ASSIGNED TASK: Render every line of the data exactly as written, and leave out the pictures.

DATA SUPPLIED:
Content starts

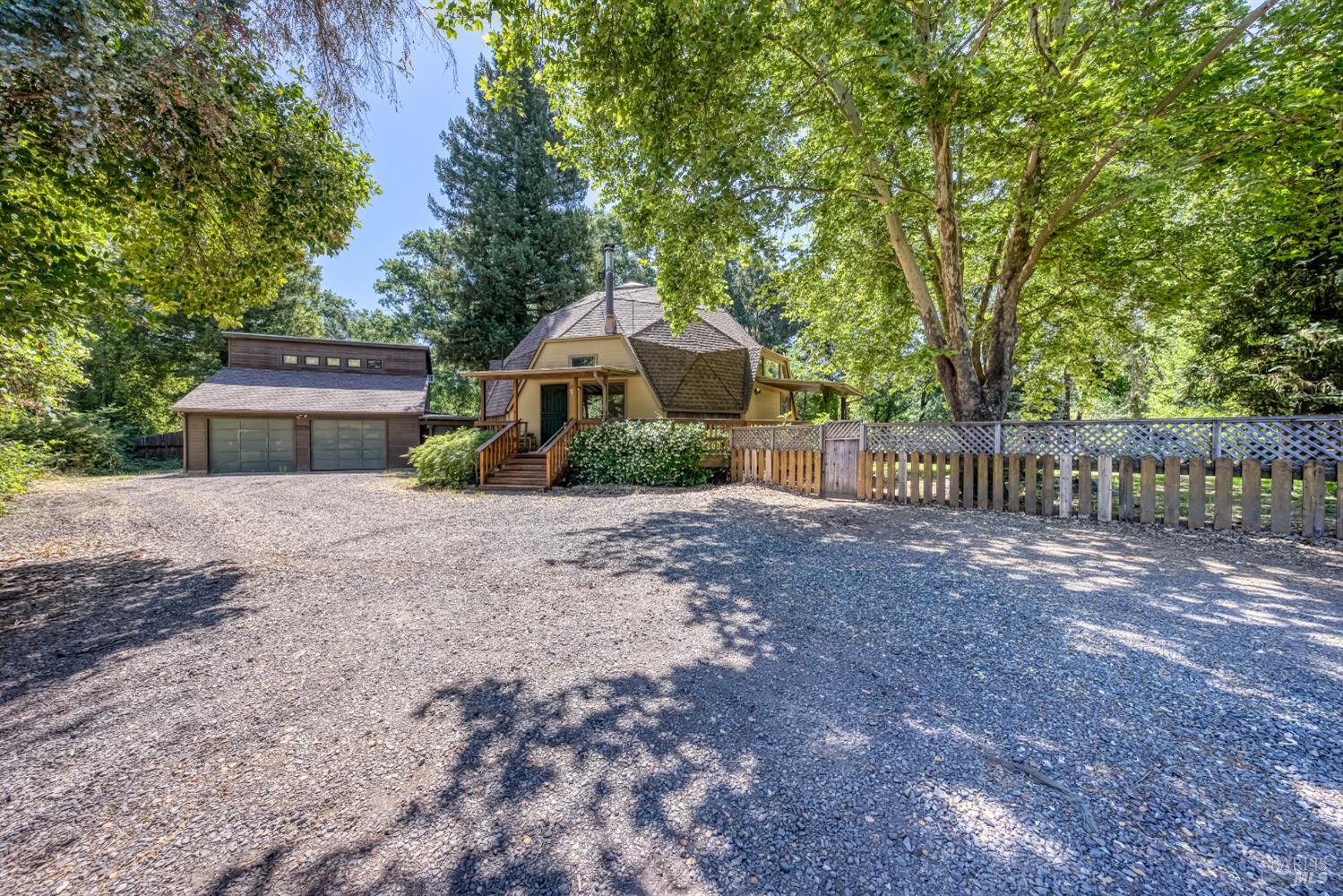 Detail Gallery Image 31 of 75 For 8201 W Side Potter Valley Rd, Potter Valley,  CA 95469 - 4 Beds | 3 Baths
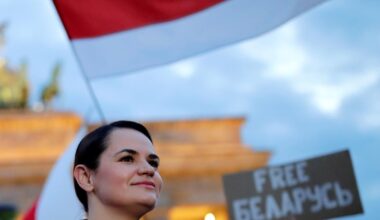 How to Resist a Dictator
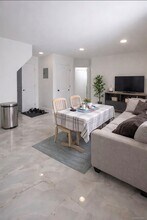 49 Gladys St in Lindenhurst, NY - Building Photo - Building Photo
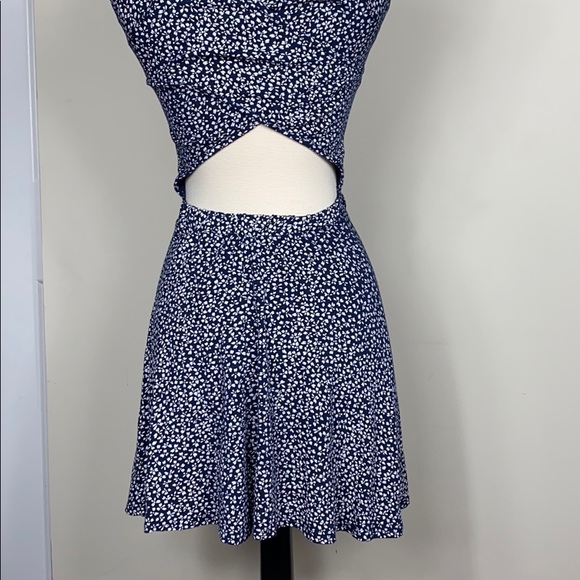 CLUB L ASOS skater floral cross back dress - Picture 7 of 16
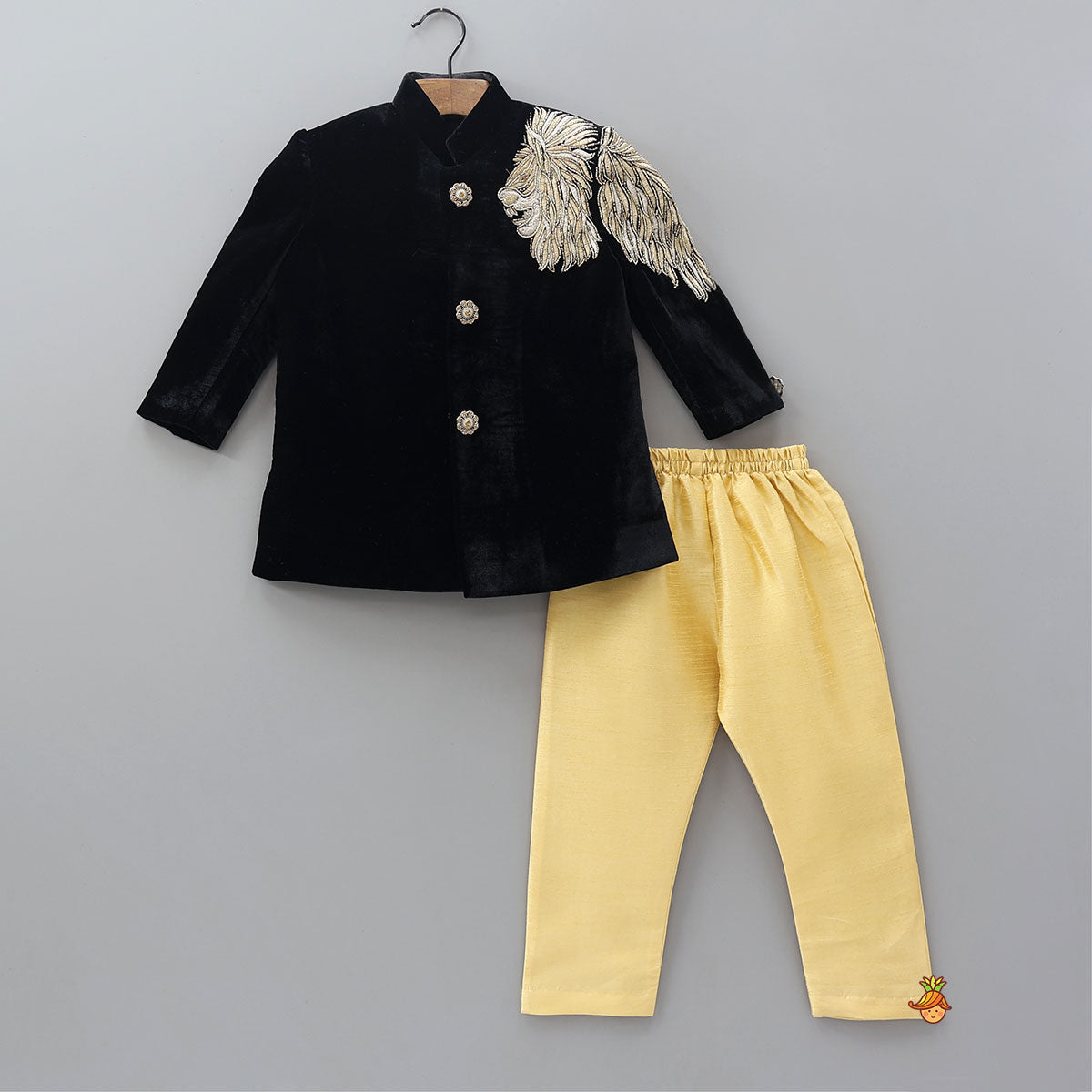 Stylish Zari Embroidered Velvet Sherwani With Pyjama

Content ends

TASK SOLUTION:
 Detail Gallery Image 31 of 75 For 8201 W Side Potter Valley Rd, Potter Valley,  CA 95469 - 4 Beds | 3 Baths
 How to Resist a Dictator
 49 Gladys St in Lindenhurst, NY - Building Photo - Building Photo
 CLUB L ASOS skater floral cross back dress - Picture 7 of 16
 Stylish Zari Embroidered Velvet Sherwani With Pyjama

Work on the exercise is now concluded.